Jyoti Narang defends her PhD thesis
Title: Analyzing Singing Voice Expressivity: Focus on Singing Voice Musical Dynamics
Supervisor: Dr. Xavier Serra
Jury: Dr. Perfecto Herrera (UPF), Dr. Jose Javier Valero Mas (University of Alicante), Dr. Elaine Chew (King's College London)
Abstract:
Musical dynamics, a key expressive dimension of the singing voice, plays a vital role in shaping phrasing and emotional impact. Despite its importance, its study and formalization remain limited. This work addresses these challenges by proposing methodologies for analyzing and modeling dynamics from both audio performances and scores. Specifically, we carry out three tasks: (1) conducting a comparative analysis of musical dynamics using different audio performances; (2) studying musical dynamics from scores - analyzing curated real-world audio performances paired with scores featuring rich dynamics labels; and (3) analyzing listener agreement on perceived dynamics - investigating the subjectivity of annotations.
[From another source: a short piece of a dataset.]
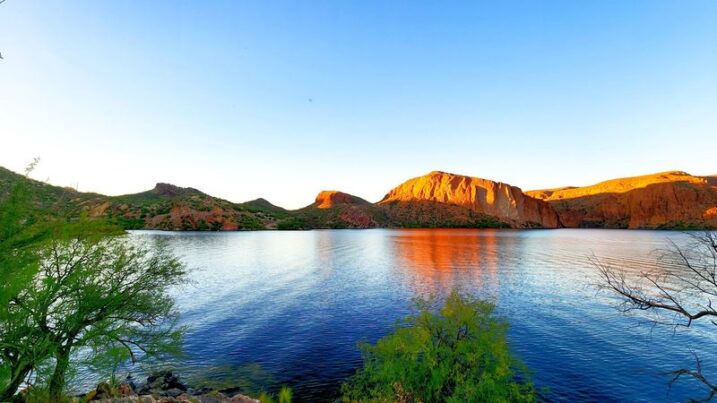 This Scenic Arizona Lake Beach Is A Free-Feeling Family Swimming Spot With Sandy Shores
To support these approaches, we curated diverse datasets, including a synthetic dataset for choral singing, score-performance datasets from both the performer and listener perspectives, and karaoke datasets for imitation-based dynamics analysis. Our findings reveal that while synthetic data enable controlled comparisons, real-world performances exhibit musical dynamics absent in synthetic renditions. Using Romantic-era Lieder scores, we semi-automatically curated score-performance pairs using state-of-the-art source separation and alignment techniques to train a dynamics prediction model. Collaborating with expert musicians, we annotated scores with synchronized dynamics labels and examined inter-annotator agreement using computational linguistics methods. Additionally, we developed a system to identify vocal dynamics automatically, employing structural segmentation and machine learning models trained on the Western classical Lieder corpus. Finally, we conducted a preliminary study on Hindustani music, applying our methodology to explore dynamics variations in relation to tradition-specific characteristics.
Although musical dynamics perception is inherently subjective, our findings indicate that a degree of formalization can be achieved by categorizing dynamics into broad perceptual bands such as soft, medium, and loud, providing a structured framework for analysis. These findings contribute to a more systematic understanding of musical dynamics, paving the way for improved analysis, modeling, and applications in both research and performance contexts.